Task directions - Go to the line that contains "What you've just" in the records below and repeat it, and each line after it, exactly through the end, omitting pictures.

[Extracted records]
◆ ◆ ◆ ◆ ◆
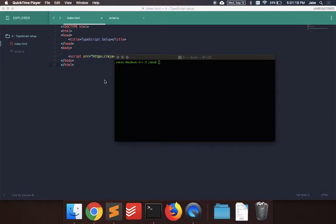Hey, what's up guys? It's Jake back for another AngularJS tutorial. So today, instead of going over just basic AngularJS, we're going to go over using TypeScript with Angular.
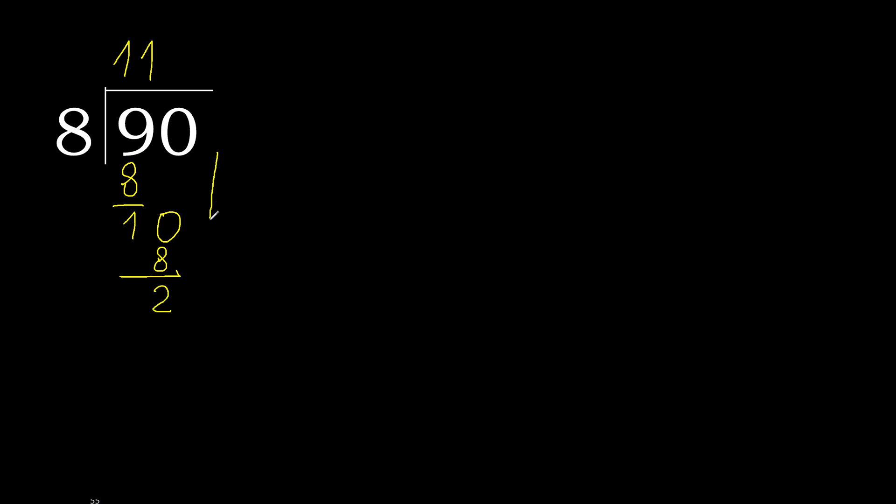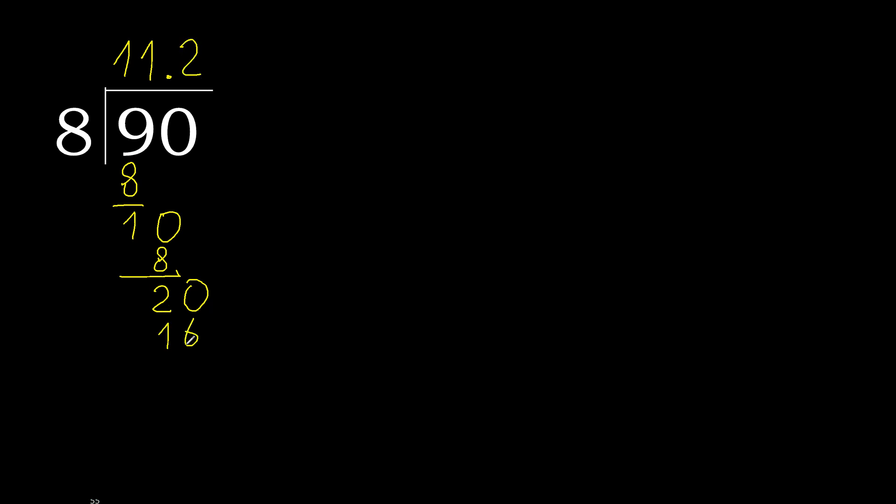Next, that is not number, therefore complete. Always complete with 0, here with point. 0, point, 20. 8 multiplied by 3 is greater, multiplied by 2, 16. Subtract, complete.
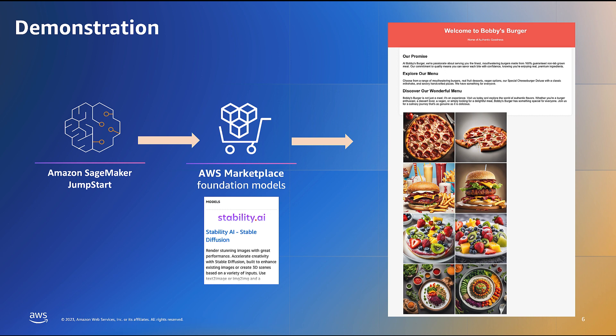What you've just witnessed is a demonstration of the dynamic image generation process using Amazon SageMaker Jumpstart in collaboration with Stability AI's Stable Diffusion. We initiated the image creation process, followed by the website updates facilitated by AWS Lambda, and concluded by observing the enhanced websites. Thank you for watching, and now it's your turn to give it a try.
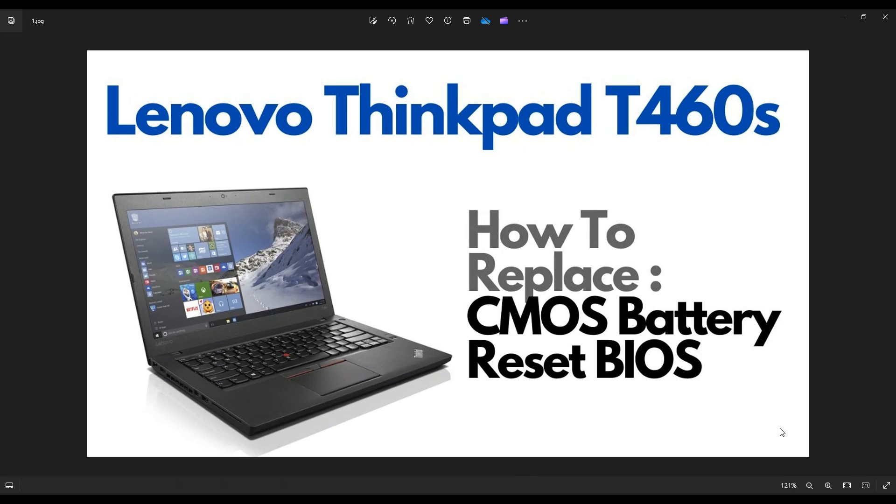Hey guys, my name is Jamin. Thanks so much for visiting my channel. In this video, I have a Lenovo ThinkPad T460S.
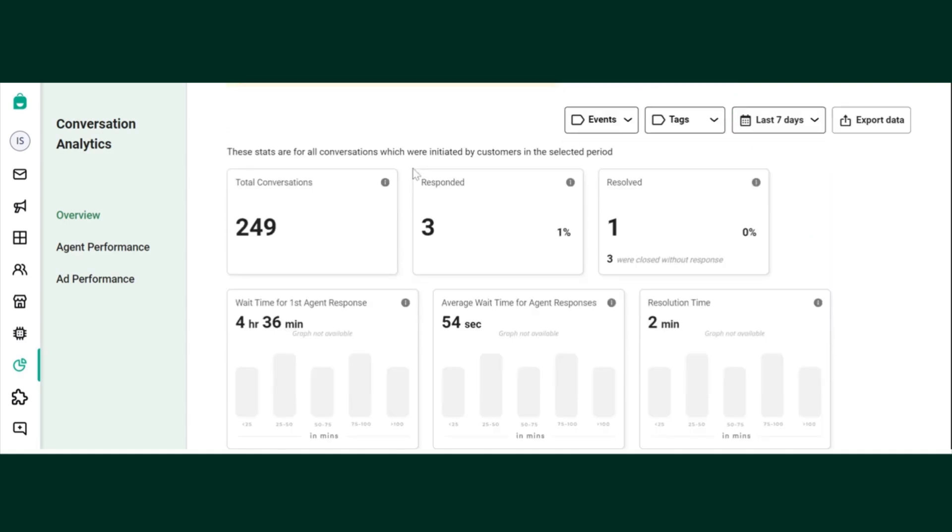Now let me explain about these statistics. First is total conversations. Total conversations are the number of conversations that are initiated by a customer in a selected time period. Please note, in this data we don't consider conversations sent via campaigns or any automated messages such as out of office message or welcome message as part of conversations.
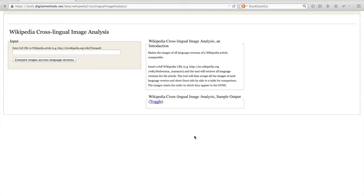The Wikipedia cross-lingual image analysis tool is a simple tool which, given a Wikipedia article, retrieves all language versions of the article. It then extracts the images of each language version and displays the images side by side.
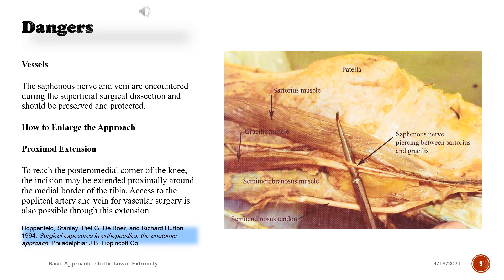How to Enlarge the Approach — Proximal Extension: To reach the postero-medial corner of the knee, the incision may be extended proximally around the medial border of the tibia. Access to the popliteal artery and vein for vascular surgery is also possible through this extension.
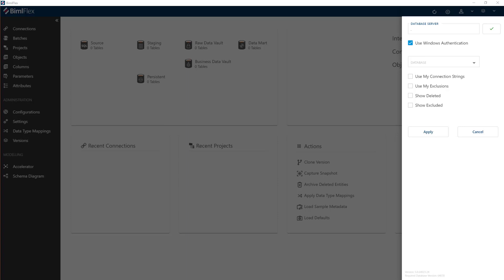Okay, let's have a look at setting up your BimlFlex project. The first thing you need to do is create a new customer connection. So when you start the BimlFlex app, you'll get this screen over here the first time.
◆ ◆ ◆ ◆ ◆
Answer for the task -
What you've just witnessed is a demonstration of the dynamic image generation process using Amazon SageMaker Jumpstart in collaboration with Stability AI's Stable Diffusion. We initiated the image creation process, followed by the website updates facilitated by AWS Lambda, and concluded by observing the enhanced websites. Thank you for watching, and now it's your turn to give it a try.
Hey guys, my name is Jamin. Thanks so much for visiting my channel. In this video, I have a Lenovo ThinkPad T460S.
Now let me explain about these statistics. First is total conversations. Total conversations are the number of conversations that are initiated by a customer in a selected time period. Please note, in this data we don't consider conversations sent via campaigns or any automated messages such as out of office message or welcome message as part of conversations.
The Wikipedia cross-lingual image analysis tool is a simple tool which, given a Wikipedia article, retrieves all language versions of the article. It then extracts the images of each language version and displays the images side by side.
How to Enlarge the Approach — Proximal Extension: To reach the postero-medial corner of the knee, the incision may be extended proximally around the medial border of the tibia. Access to the popliteal artery and vein for vascular surgery is also possible through this extension.
Okay, let's have a look at setting up your BimlFlex project. The first thing you need to do is create a new customer connection. So when you start the BimlFlex app, you'll get this screen over here the first time.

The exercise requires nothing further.